An example: Classes are represented as sets (fields, properties) and functions (operating on the elements of sets). A parent class' fields are a subset of child class'. Functions are described in pseudocode which has to look like this and that...
I know that Z Notation has been used to some extent in the formal verification of software, such as the Tokeneer project.
Z Notation
Z Reference Manual
http://www.amazon.com/Concrete-Mathematics-Foundation-Computer-Science/dp/0201558025
Yes, there is, Floyd-Hoare Logic.
There are a lot of way, but i think most of them are inconvenient for expressing the structure since the structure is often not expressable in default mathematical concepts. The main exception is of course functional programing languages. Think about folds (catamorphisme), groups, algebra's etc.
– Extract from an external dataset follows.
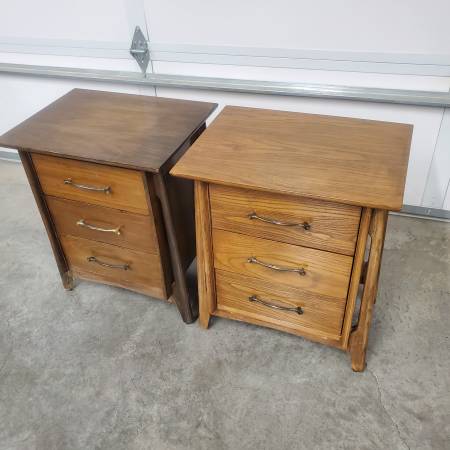 Gorgeous Solid Wood Mid Century Modern Nightstands 1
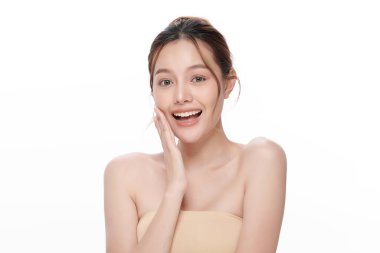 Beyaz arka planda temiz tenli güzel Asyalı kadın, yüz bakımı, yüz bakımı, kozmetoloji, güzellik ve kaplıca, Asyalı kadın portresi.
For imperative programming I know of the existence of Z, which uses (pure and extended) lambda calculus set theory and (first order) predicate logic. However, i dont think it's very convenient. The only upside of using mathematics to express structure is the fact that you can prove stuff about it. But if you want to do that, take a look at JML, Spec# or Eiffel.
Depends on what you're trying to accomplish, but going down this road with specific languages can get you into trouble.
For example, see the circle-ellipse discussion on C++ FAQ Lite.
This book applies the deductive method
to programming by affiliating programs
with the abstract mathematical
theories that enable them work. [...]
I believe that Elements of Programming by Alexander Stepanov and Paul McJones, is pretty close to what you are looking for.
Concepts
A concept is a description of
requirements on one or more types
stated in terms of the existence and
properties of procedures, type
attributes, and type functions defined
on the types.
Z, which has already been mentioned, is pretty much what you describe. There are some variants of it for object-oriented modelling, but I think you can get quite far with "standard Z's" schemas if you wish to model classes.
There's also Alloy, which is newer and inspired by Z. Its notation is perhaps a bit closer to object-orientation. It is also analysable, i.e. you can check the models you create whether they fulfill certain conditions, but it cannot prove that properties hold, just attempt to refute within a finite scope.
The article Dependable Software by Design is a nice introduction to Alloy and its ilk, along with a table of available similar tools.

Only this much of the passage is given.